L’Étoile de l’alliance

Auteur : George, Stefan

Traducteur : Lehnen, Ludwig

collection :

date de parution : 15 avril 2005

Poèmes traduits de l’allemand et présentés par Ludwig Lehnen.

Bilingue.

16 reproductions noir et blanc.

13 x 20 cm. 262 p. 20,30 €.

Collection : Le Fleuve et l’Écho.

ISBN : 978-2-7291-1537-1

George est un des tout premiers poètes allemands, et comme tel, il a aussi été considéré en France, avant la guerre. L’oubli dans lequel il est tombé est peut-être une chance, offrant la possibilité de lire cette poésie forte et « violente » sans idées préconçues et dans l’ignorance de tous les poncifs qui dans l’histoire de sa réception en ont encombré l’accès. Le lire dans l’absolu du poème. George aimait dire qu’il était trop simple pour être compris. D’une lucidité hors du commun, il ressentit de manière aiguë la menace qui planait sur les conditions d’existence même de la poésie telle qu’il la concevait, c’est-à-dire de la haute poésie. Ce précaire équilibre où se maintient l’esprit au contact de la poésie, il le vit menacé par « l’esprit » des temps modernes et notamment de son époque dominée selon lui par le double mouvement d’une « cérébralisation » et d’une « matérialisation » croissantes et excessives.
Avec L’Étoile de l’alliance l’art de George atteint sa maturité. La poésie est d’une austérité et d’une nudité extrême. La préciosité, l’élégance qui caractérisaient ses premiers recueils paraissent relever de la « vieillerie poétique ». Poésie dépouillée, donc, voire rude, qui ne garde que l’essentiel. Publiée dans les premiers jours de février 1914, L’Étoile de l’alliance n’a jamais été destinée à « la jeunesse dans les tranchées » mais aux amis du cercle étroit. C’est à l’origine un livre secret. Il a été composé en cent poèmes, à l’image de la Commedia de Dante qu’il avait partiellement traduite et publiée en 1909, soit neuf poèmes de prélude, puis trois livres de trente poèmes subdivisés en groupes de dix, à l’intérieur desquels on peut encore distinguer des groupements par trois, et un chœur final. Dans les poèmes du prélude, tous de quatorze vers, résonne aussi un écho des Sonnets de Shakespeare qu’il avait également traduits. Dantesque, à l’évidence, au niveau du contenu, la coexistence de l’enfer, du purgatoire, du paradis, autrement dit la fustigation des temps présents, l’action pédagogique, le chant de la « terre matinière » mais, à la différence de Dante, tout est d’ici-bas, de la terre, précisément.

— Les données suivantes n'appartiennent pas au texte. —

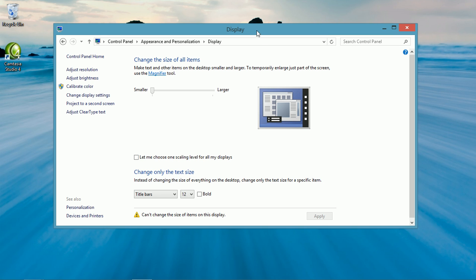Do you have trouble reading the title bars of Windows? Here's the display window. Notice the size of the letters in the word display.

TOI TOUJOURS DÉBUT ET FIN ET MILIEU POUR NOUS
Nos louanges de ta trajectoire ici-bas
S’élèvent Seigneur du Tournant vers ton étoile.
Jadis de vastes ténèbres couvraient le pays
Le temple vacillait la flamme Intérieure
Ne jaillissait plus en nous par d’autres fièvres
Épuisés que celle des pères : vers les trônes
Interdits des Sereins des Forts et des Légers
Le désir des lointains suçait le meilleur sang...
Alors rejeton de notre propre souche
Tu vins vers nous dans la splendeur nue du dieu : beau
Comme nulle image tangible comme aucun rêve.
Alors le bonheur coulait de tes mains sacrées
Alors la lumière se fit et tout désir se tut.